Each warp scheduler has (2) instruction dispatch units. At each cycle the scheduler selects a warp, and if possible, two independent instructions will be issued to that warp. Two clock cycles are required to issue a double precision floating point instruction to a full warp.
K20X by the numbers
|Peak double precision floating point performance||1.31 teraflops|
|Peak single precision floating point performance||3.95 teraflops|
|Single precision CUDA cores||2688|
|Double precision CUDA cores||896|
|CUDA core clock frequency||732 MHz|
|Memory Bandwidth(ECC off)||250 GB/s*|
|Memory size GDDR5(ECC on)||5.25 GB|
|L2 cache||1.5 MB|
|Shared memory/L1 configurable||64 KB per SM|
|Read-only cache||48 KB per SM|
|Constant memory||64 KB|
|32-bit Registers||65,536 per SM|
|Max registers per thread||255|
|Number of multiprocessors(SM)||14|
|Warp size||32 threads|
|Maximum resident warps per SM||64|
|Maximum resident blocks per SM||16|
|Maximum resident threads per SM||2048|
|Maximum threads per block||1024 threads|
|Maximum block dimensions||1024, 1024, 64|
|Maximum grid dimensions||2147483647, 65535, 65535|
* ECC will reduce achievable bandwidth by 15+%
K20X Floating Point Considerations
When porting existing applications to make use the GPU it is natural to check the ported application’s results against those of the original application. Much care must be taken when comparing results between a particular algorithm run on the CPU and GPU since, in general, bit-for-bit agreement will not be possible.

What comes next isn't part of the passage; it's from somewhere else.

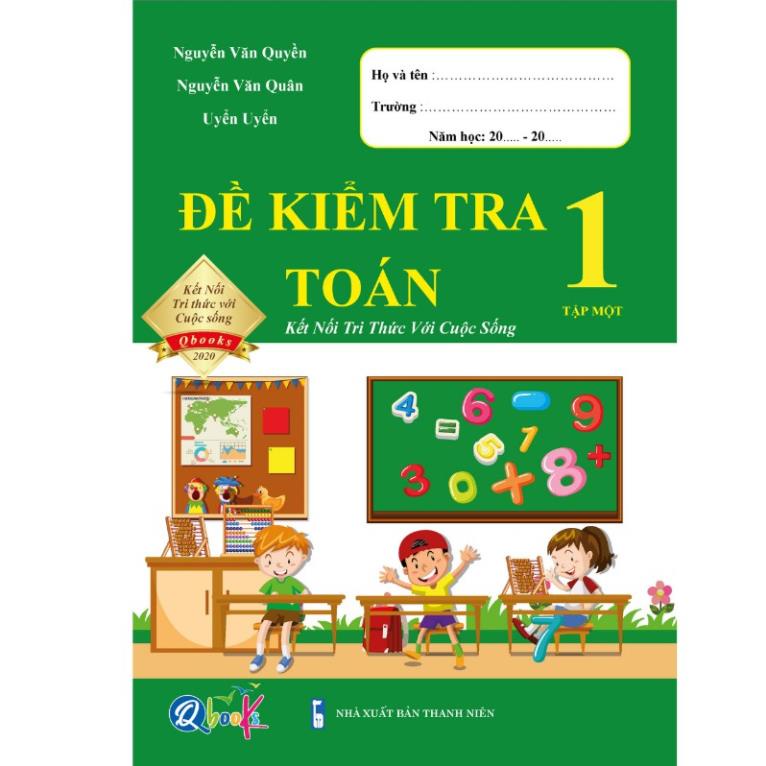 Sách - Combo Bài Tập Tuần và Đề Kiểm Tra Toán - Tiếng Việt 1 - Kết nối tri thức với cuộc sống - Cả Năm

The NVIDIA K20X provides full IEEE 754-2008 support for single and double precision floating point arithmetic. For simple floating point arithmetic (addition, subtraction, multiplication, division, square root, FMA) individual operations on the AMD Opteron and NVIDIA K20X should produce bit-for-bit identical values to the precision specified by the standard.
Transcendental operations (trigonometric, logarithmic, exponential, etc.) should not be expected to produce bit-for-bit identical values when compared against the CPU. Please refer to the CUDA programming guide for single and double precision function ULP.
Floating point operations are not necessarily associative nor distributive. For a given algorithm, the number of threads, thread ordering, and instruction execution may differ between the CPU and GPU, resulting in potential discrepancies; as such it should not be expected that a series of arithmetic operations will produce bit-for-bit identical results.